Group 11

Aditi Darade, Alexander Archer, Daniel Ginsberg, Jarrod Grothusen, Andrew Macgillivray

**Initial Requirements Stack:**

3) Brainstorm ideas for an initial set of requirements:

In order to create a practical test for the feasibility of the proposed accelerator card, our team will emulate the described card on an FPGA -- behaving as a chip with 4 RISC-V cores with the RVV or LACore extension. Assuming that the card would be best suited for large compute-clusters involved in AI applications, we will provide software on the host machine to control the usage of the card. Specifically, we will provide a daemon that accepts requests in a specific JSON format over an always-open socket, and sends output data back to the request originator. The complete project should encompass a suite of test programs, the daemon, and an emulated chip. It should be running on a Linux-based server.
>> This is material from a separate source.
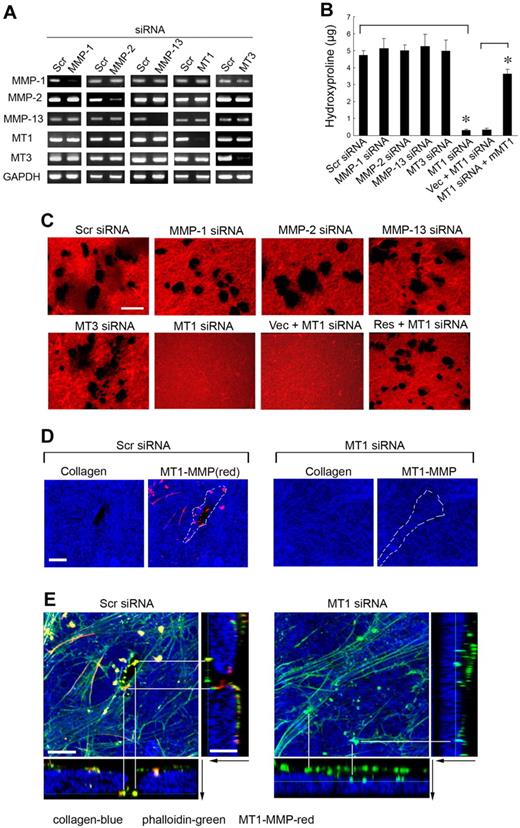 Figure 2. MT1-MMP mediates hMSC-dependent collagenolytic activity. (A) siRNA-dependent silencing of MMP expression in hMSCs as assessed by RT-PCR. hMSCs were electroporated with 40nM scrambled (Scr siRNA) or MMP-1–, MMP-2–, MMP-13–, MT1-MMP–, or MT3-MMP–specific siRNAs and cultured in growth medium for 2 days followed by RT-PCR analysis of MMP expression with GAPDH as loading control. (B-C) hMSCs electroporated with each of the respective siRNAs or cotransfected with a control expression vector (MT1siRNA + Vec) or mouse MT1-MMP expression vector (MT1siRNA + mMT1) were seeded atop Alexa Fluor 594–labeled type I collagen film (red) for 4 days and collagenolytic activity quantified by hydroxyproline release (mean ± SEM; n = 3. *P < .05) as well as visualized by confocal laser microscopy. Bar, 50 μm. (D) Cells electroporated with Scr or MT1 siRNA were incubated on Alexa Fluor 647–labeled collagen (blue) for 2 days, and cell surface was stained with anti–MT1-MMP (red). Colocalizations of MT1-MMP “dots” on the basal cell surface with areas of collagen degradation were found in Scr siRNA–treated cells. Neither MT1-MMP nor zones of degraded collagen were found in MT1 siRNA–treated cells. The position of a cell body overlying the collagen substratum is outlined by the dotted white lines. Bar, 10 μm. (E) 3D reconstructions of collagen (Alexa Fluor 647 labeling, blue), phalloidin (green), and cell surface-localized MT1-MMP (red). Black arrows mark the direction from top to bottom. White lines mark either the yellow dots (comprised of MT1-MMP–positive areas that colocalize with phalloidin), which appear in the zones of collagen degradation in Scr siRNA-cells (left), or green dots (ie, MT1-MMP–negative and phalloidin-positive), which appear atop the intact collagen surface in MT1-MMP siRNA-silenced cells (right). Bar, 10 μm.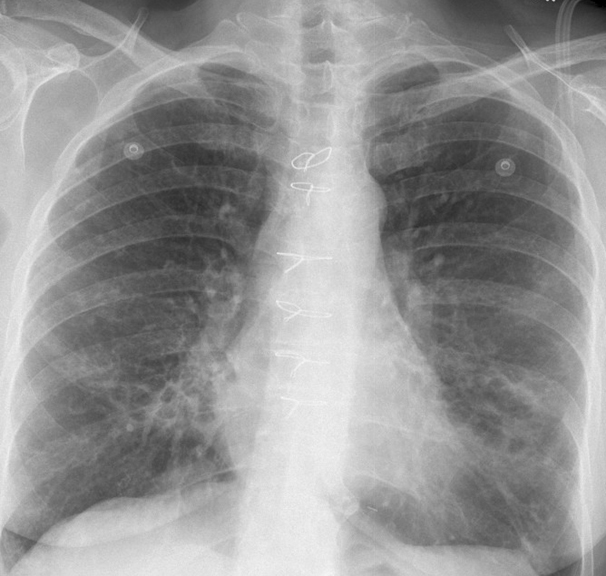 Bronchiectasis
Case 9 PA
For sprint one, we will focus on the software side, defining a test program that uses linear algebra in a manner similar to common AI cases. We will compile that program and collect timing data from it when it is executed normally on the CPU, for future comparison against the FPGA implementation. Then, knowing the needs of that program, we will define an appropriate message format for the daemon, as well as a standalone function to interpret those messages (that will later be used within the daemon). On the hardware side, we will also search for an appropriate hardware device (researching the capabilities of various FPGAs as well as the resource requirements for emulating RISC cores) and determine the tools (IDEs and otherwise) that will need to be used.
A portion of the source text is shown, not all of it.